Esa imagen me hace recordar que fue justo a través de ese camino que realicé mi primer viaje a pie. Era yo un niño regordete y completamente desacostumbrado al esfuerzo físico, y ante la propuesta de mi padre de emular la caminata cotidiana que él realizaba en su niñez ante la faena de ir a la escuela o trabajar el rancho de mi bisabuelo, me mostré indiferente. Él sabía que esa era la oportunidad de oro para conocernos, que caminando sabríamos por fin un poco el uno del otro, pues hasta entonces nos representábamos mutuamente como un enigma. No nos advirtió sobre la duración ni lo cansado que sería y, sin embargo, me atreví a realizarlo a pesar de mi sobrepeso y falta de condición física. Y lo celebro, porque ésa sería la primera experiencia estética de mi vida. Aquella vez conocí algunos secretos de la vida campirana: aprendí a diferenciar las hierbas comestibles de las venenosas, la forma de lidiar con el encuentro de alimañas, hasta cómo avistar agua secreta en las pencas de los magueyes. Y allí conocí algunos de los sonidos que nunca voy a olvidar. Esos que atrapan el silencio; como el susurro del aire seduciendo las ramas de los ocotes, o el ruido de nuestras pisadas en la tierra seca. Ese día conocí mi origen a través de la historia de mi padre, y comencé a amarlo de otra manera. Anhelé esa vida campirana como algo que nunca había tenido, y que nunca poseería; pero a pesar de eso encontré por fin la identificación humana que no había descubierto en la ciudad. Ese día nací caminante, y en gran medida como individuo, pues se había gestado en mí la semilla de lo que se iría construyendo en el futuro.

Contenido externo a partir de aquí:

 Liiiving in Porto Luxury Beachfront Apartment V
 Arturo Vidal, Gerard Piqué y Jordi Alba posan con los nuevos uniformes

Llegamos hasta la Ciénega desbordados de sentimiento. En la casa de mi primo, que se encuentra en el recodo de una larga pendiente, ya todos nos esperan. Nos observamos mutuamente a lo lejos. Nosotros avanzamos con lentitud debido a lo accidentado de la terracería. Uno de mis sobrinos corre hacia nosotros, bajando la pendiente mientras nosotros la subimos. Cuando se encuentra con nosotros se monta de la defensa, como si la máquina fuera una bestia digna de dominarse. Al descender de la camioneta, saludamos a todos con la felicidad que uno siente de ver a la familia después de un rato de ausencia. Como es una zona alta el aire no encuentra obstáculo alguno, apropiándose del silencio y fusionándose con él. Me encuentro con Emiliano, el jefe de la familia, mi primo político. Le pregunto sobre la cosecha. Se muestra contento y a la vez sorprendido de que me encuentre tan borracho. Le ofrezco un poco de mezcal y lo rechaza: Aistá el diablo, primo, dice, en tono de broma. Después recorremos el terreno para observar el producto de un año de trabajo. Me señala la era que luce dorada y refulgente después de una larga jornada laboral. Emiliano me muestra una hermosa espiga de trigo que sostiene con su poderosa mano. El fondo es claro y azul, como el cielo de sus ojos. Yo tomo la cámara con cautela, él sabe mis intenciones y mantiene la mano estirada. Capto la fotografía.